High-level corruption remains an issue in the Western Balkans and three Eastern Partnership countries. Moldova and Ukraine have notably suffered from high profile banking frauds, with little progress in the prosecution of those involved and in the recovery of the stolen assets. In Moldova, important actions have been undertaken, but these efforts need to be fully implemented and sustained. In Ukraine, it is important to safeguard and further strengthen the independence of anti-corruption institutions, including by guaranteeing non-political and merit-based appointment procedures for leadership positions. EU support will continue to be conditional and will be linked to concrete progress in the reform agenda and in particular in the fields of anti-corruption and justice, says the European Commission’s report on the assessment of the fulfillment of the visa liberalization requirements by the Western Balkans and by three Eastern Partnership countries, which is quoted by IPN.
Commissioner for Home Affairs Ylva Johansson said the visa liberalization process is a powerful tool to advance transformative reforms, including in the area of justice and security. It fosters people-to-people contacts and strengthens the ties between the EU and the citizens of Western Balkans and Eastern Partnership countries. “Over the years, we have seen significant progress by the visa-free partners that reinforces our bonds. Continuous efforts are needed to preserve these achievements,” stated the official.
The report says all countries (Albania, Bosnia and Herzegovina, Montenegro, North Macedonia and Serbia, and also Georgia, Moldova, and Ukraine) continued to take measures to prevent and fight against organized crime, including through operational cooperation with Member States’ law enforcement authorities. However, further efforts are needed to address security concerns due to crime-related challenges.
According to the European Commission’s report, all countries assessed continue to take measures to address irregular migration and border protection challenges. Coordination between border authorities and cooperation on readmission and return with all Western Balkan and Eastern Partnership countries remains positive. The overwhelming majority of citizens from the visa-free countries are bona fide travellers with legitimate grounds to travel to the EU. However, further efforts are needed to address ongoing concerns, including through targeted information campaigns on the rights and obligations of visa-free travel.

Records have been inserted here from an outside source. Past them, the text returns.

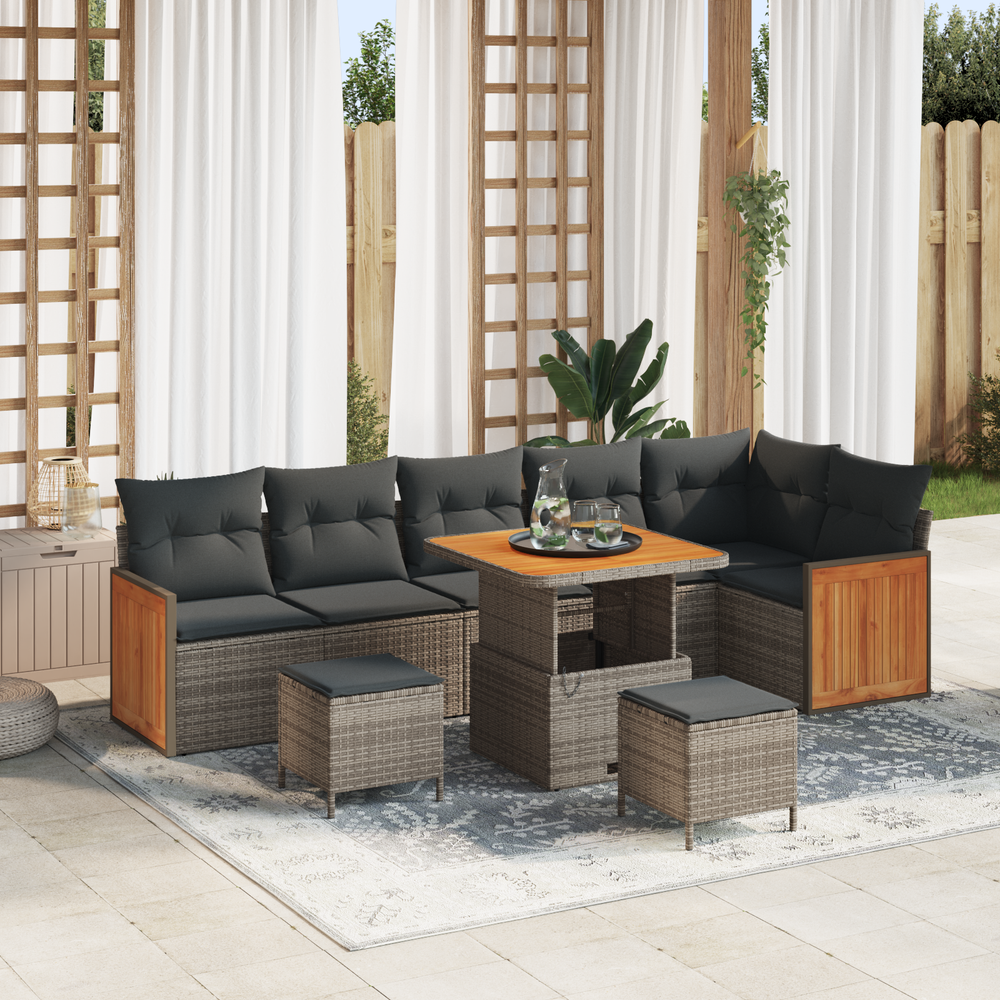 Sodo Sofų Rinkinys su pagalve 9 pcs Pilka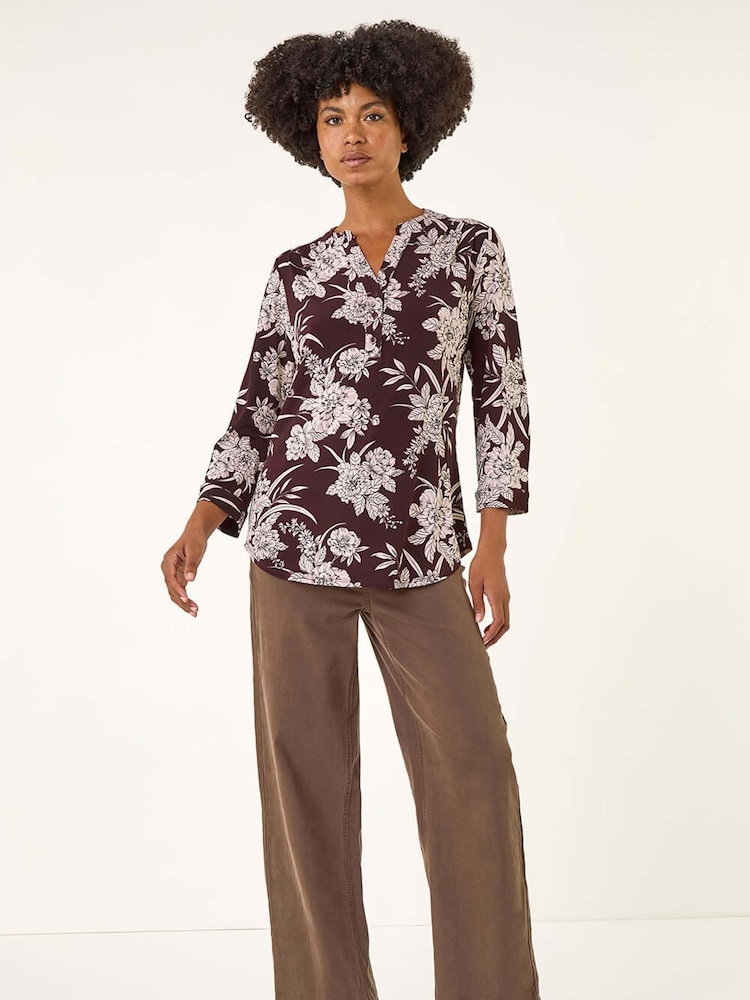 Roman Red Floral Puff Print Stretch Shirt - Image 1 of 5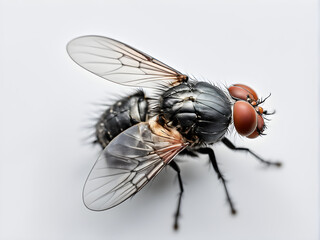 A fly on a white background, top view, macro view, details, animal specimens and environmental protection, housefly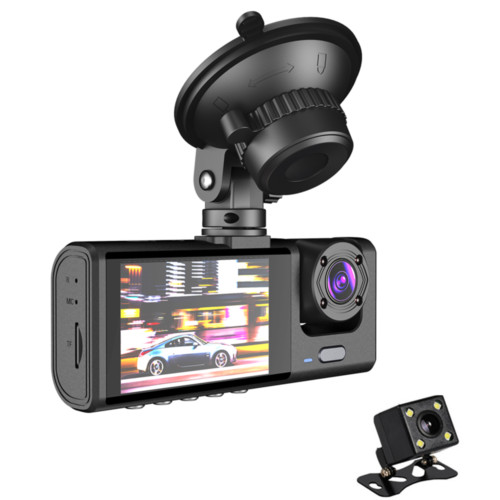 170° Car DVR Video Recorder Dash Cam Loop Recording 3 Lens Front And Rear Camera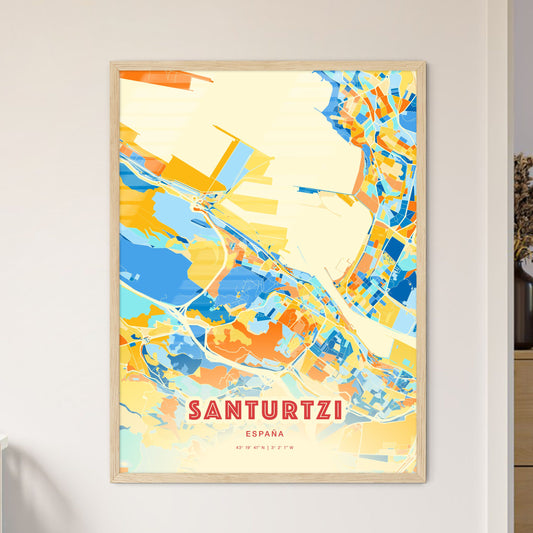 Colorful SANTURTZI SPAIN Fine Art Map Blue Orange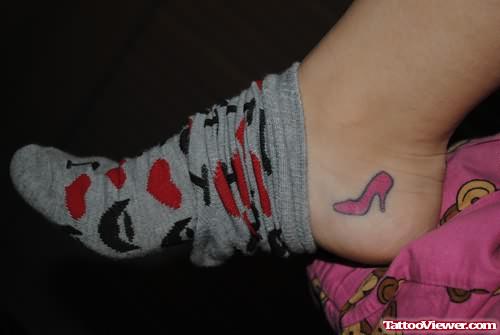 Tiny Heel Tattoo On Ankle
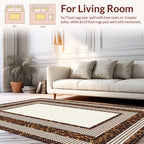 Layered Circles Geometric Brown Design Rug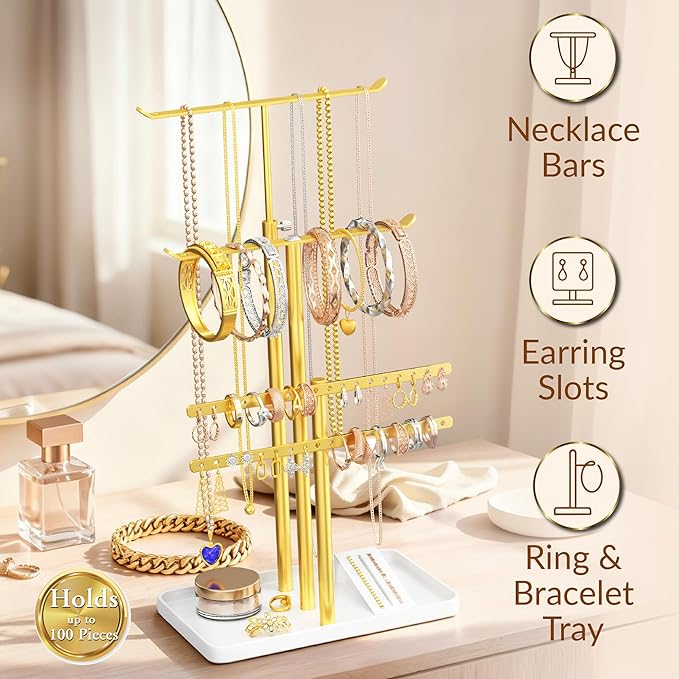 Jewelry Tower Stand Organizer for Women - Elegant Jewelry Holder Display with Necklace Holder, Earring Organizer & Bracelet Rack - Tabletop Jewelry Stand for Dresser, Vanity, Desk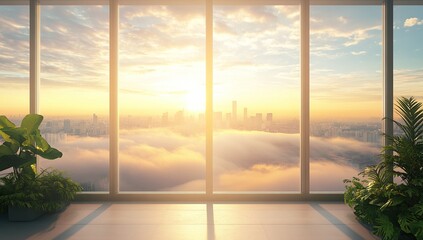 Fototapeta premium Sunrise Cityscape Viewed from Modern Room with Plants, Golden Hour Light Bathes the Scene, Serene Atmosphere.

The report follows up on the Commission’s obligation under the Strengthened Visa Suspension Mechanism, adopted in March 2017, to monitor the continuous fulfillment of visa liberalization requirements by third countries and to report to the European Parliament and the Council at least once a year. The current report is the third under the Visa Suspension Mechanism, following the First Visa Suspension Mechanism Report of December 2017 and Second Visa Suspension Mechanism Report issued in December 2018. Data from this report relates to the 2019 calendar year and first half of 2020.
Overall, the visa-free travel scheme has fulfilled its purpose: it has strengthened people-to-people contact between the Western Balkans and Eastern Partnership countries and the EU, including with diaspora communities in the Member States, enhanced business opportunities and cultural exchanges, and enabled the visa-free countries’ citizens to get to know the EU better.
Visa-free travel for citizens of Montenegro, Serbia and North Macedonia has been in place since December 2009. For citizens of Albania and Bosnia and Herzegovina, visa-free travel is possible since the end of 2010. For Moldova visa-free travel entered into force in April 2014, for Georgia in March 2017 and for Ukraine in June 2017.